COLLECTED DATA:
════════════════════
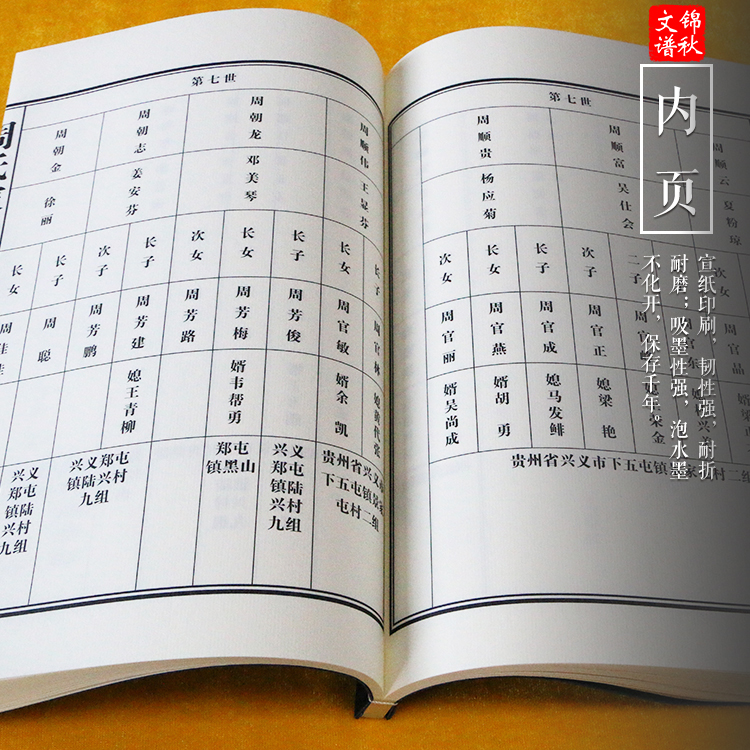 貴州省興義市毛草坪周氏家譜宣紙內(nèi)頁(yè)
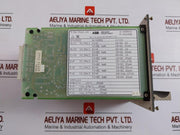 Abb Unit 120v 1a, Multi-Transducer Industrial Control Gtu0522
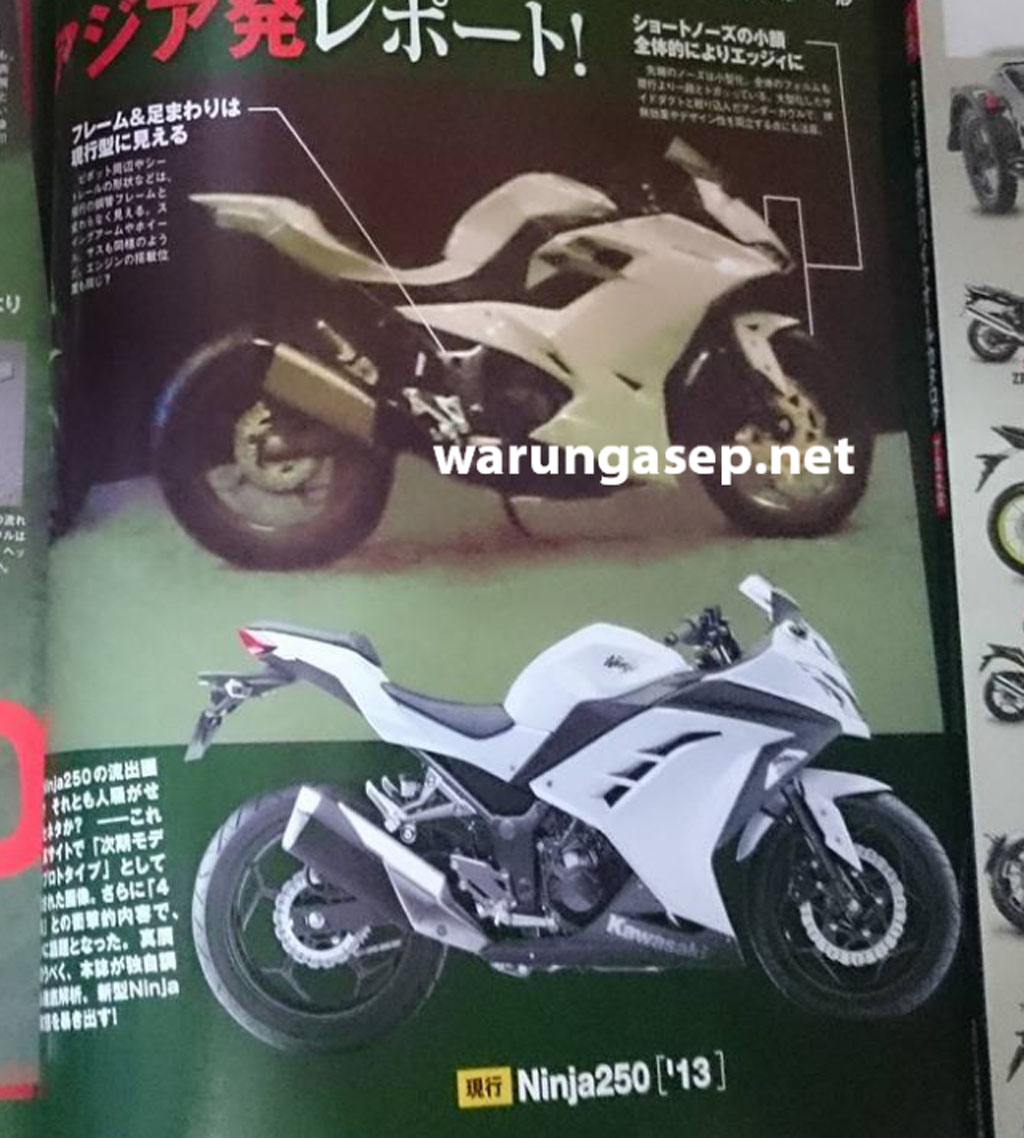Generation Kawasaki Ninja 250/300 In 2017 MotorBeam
════════════════════
TASK ITEM: Would you set down every line of the data above exactly, skipping the pictures?

ANSWER FOR THIS EXERCISE:
 貴州省興義市毛草坪周氏家譜宣紙內(nèi)頁(yè)
 Abb Unit 120v 1a, Multi-Transducer Industrial Control Gtu0522
Generation Kawasaki Ninja 250/300 In 2017 MotorBeam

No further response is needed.